This weekend I’m going to have the great pleasure of heading down to the High Museum of Art in Atlanta, GA to see the work of one amazingly talented guy and fellow South Carolinian: Grainger McKoy. Oh, and there is this other fellow named Pablo something or other who has a showing there as well.
Grainger McKoy carves birds. Lots of birds. Flocks of birds. Birds rising. Birds battling venomous snakes. Birds skimming the water’s surface. Each carving tells a dramatic story.
The first thing that you need to know is that these aren’t just some old guy’s hunting decoys: They are modern masterpieces. Not only is this plain-spoken artist able to transform a block of wood into a breathtaking freeze-frame of bird behavior, but his attention to detail is insane. Grainger McKoy carves and paints each individual feather, which he then inserts it into the wings and body. Can you imagine?
In preparation for my trip down to see the show, I was re-listening to a lecture that he gave a few years ago now. At the end of the talk, I was really struck by something that the artist said. To paraphrase: “When I was younger I thought that I could be better than God, or at least as good as God. As I’ve grown older, I’ve realized that all I am doing is plagiarizing nature.
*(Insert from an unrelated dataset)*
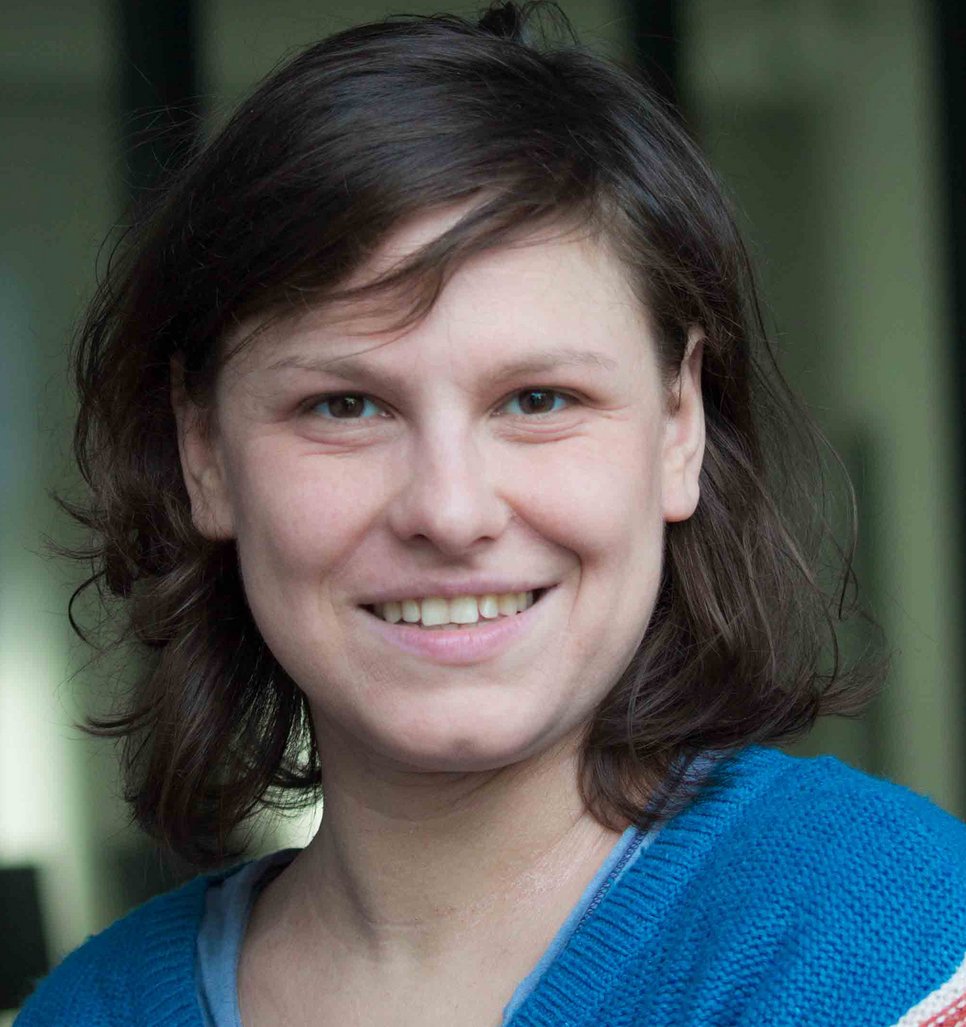 A close-up portrait of a smiling person with short, wavy brown hair, wearing a blue sweater.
That I can’t even carve a single feather as good as the real thing. It is humbling.”
It is amazing what time immersed in the study of nature will do for one’s soul.
Those of us who are committed to an honest (tricky), artistic representation of nature are all plagiarizers aren’t we? We find ourselves getting lost in the myriad forms, colors, patterns and expressions of ingenuity and celebrate it all through the outpouring of our hearts. Although we don’t like to admit it, and perhaps we’ve never thought of it this way before, the label seems right to me. Personal arrogance aside, there is a lot of truth to Grainger McKoy’s words. At the very least, it is a thought worth considering.

The great Tom Lehrer wrote (as part of his song ‘Lobachevsky‘)…
“PLAGIARIZE – let no-one else’s work evade-yer-eyes.”
Nature does it best…I once heard an Orchid Judge in a conference in Houston say “they’ve really improved on nature here”: I just drifted away.
Almost forgot – those carvings are astonishing, not just for the detail but for the sheer ‘life’ they radiate.
Paul
He really does have a “feel” for the movement of animals. Ironically, during the lecture, he points out that he cheated a little on the sculpture above. Copperheads don’t actually have prehensile tails but he needed a way to connect the tempered steel rod that he runs through his animals for rigidity. You should listen to the lecture. He is such a genuine person.